Fig. 15 is a side view showing a part of substrate processing according to the fifth embodiment.

Detailed Description

Embodiments of the present disclosure are described below with reference to the drawings. In the drawings, the same or corresponding components are denoted by the same or corresponding reference numerals, and description thereof may be omitted. In the present specification, the lower side means the lower side in the vertical direction, and the upper side means the upper side in the vertical direction.

Fig. 1 is a diagram illustrating a substrate processing apparatus according to a first embodiment. As shown in fig. 1, the substrate processing apparatus 1 includes, for example, a substrate holding unit 10, a rotation driving unit 20, a liquid supply unit 30, a gas supply unit 50, a heating unit 70, and a control unit 90.

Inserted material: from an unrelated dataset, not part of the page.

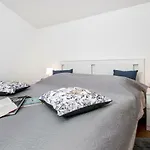 Len Apartament *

The substrate holding portion 10 holds the substrate 2 horizontally so that the surface 2a of the substrate 2 on which the uneven pattern 4 (see fig. 6) is formed faces upward. The substrate 2 is a semiconductor substrate such as a silicon wafer. The concave-convex pattern 4 is formed by, for example, photolithography. In addition to photolithography, etching may also be used. The concave-convex pattern 4 is formed by, for example, etching a film (e.g., a silicon nitride film) formed on the substrate 2. The concave-convex pattern 4 has a concave portion 5 opened upward.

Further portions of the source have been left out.